Home Latest News Muslims, Kalash Clash Over Girl’s Conversion

Muslims, Kalash Clash Over Girl’s Conversion

by AFP and Staff Report
Farooq Naeem—AFP

Farooq Naeem—AFP

Police say situation under control after dispersal of mob attacking the home where the teenager was hiding.

Hundreds of Muslims clashed with members of the Kalash minority in Chitral on Thursday after a teenager claimed she was forced to convert to Islam, police and residents said, bringing violence to a previously peaceful part of the embattled country.

Police fired tear gas to disperse the crowd attacking a house in the Kalash tribe’s valley of Bumburate, where the 9th grade student had gone to give a police statement about her conversion, said activist Luke Rehmat.

The Kalash, Pakistan’s smallest religious minority, celebrate their gods through music and dance—an anomaly in largely Muslim Pakistan. They number only around 4,000, according to Rehmat. Increasingly their youth are converting to Islam, prompting activists to campaign to preserve the traditions of the ancient, diminishing tribe.

The teenager had “returned to her home saying embracing Islam was a mistake and she wanted to live with her family, which infuriated the Muslim community,” Rehmat said. She went to a neighbor’s house to speak to police, the homeowner told AFP, but hundreds of people began to gather outside as word spread through the close-knit community. A local police official said the Muslim crowd claimed the teenager had opted to convert to Islam of her own free will and was being ‘forced’ to return to the Kalash faith.

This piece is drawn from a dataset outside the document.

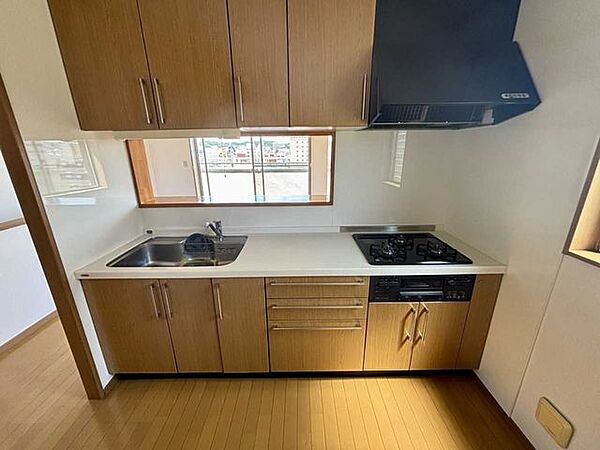 キッチンを拡大表示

“The Kalash community had also gathered to save the family and when the Muslims chanting slogans attacked the house with sticks and pelted stones everybody was running for their lives,” Rehmat, who was out of breath from fleeing the scene, told AFP by telephone. “Dozens” were injured, he said, though apparently none seriously.

“Law enforcement agencies reached here on time otherwise they would have killed all of us,” said local Kalash politician Imran Kabeer.

It was not clear what happened to the teenager.

Police in Chitral said the district police chief had gone to Bumburate with other senior officers, adding that the situation was under control. They said they hoped to resolve the matter through dialogue, adding that if negotiations did not prove fruitful, a case could be registered against both communities for disturbing the peace.

The owner of the house that was attacked was also in Chitral, where he said police were refusing to let him return home. “They came out in a mob to attack my house and to kill my wife and my children,” he said, asking to remain anonymous. “They threw stones at the roof and at the windows. Police were firing in the air.”

Chitral, a northern district of Khyber-Pukhtunkwa province, has long attracted tourists for its beauty and has hitherto been notable for having been spared the country’s violence.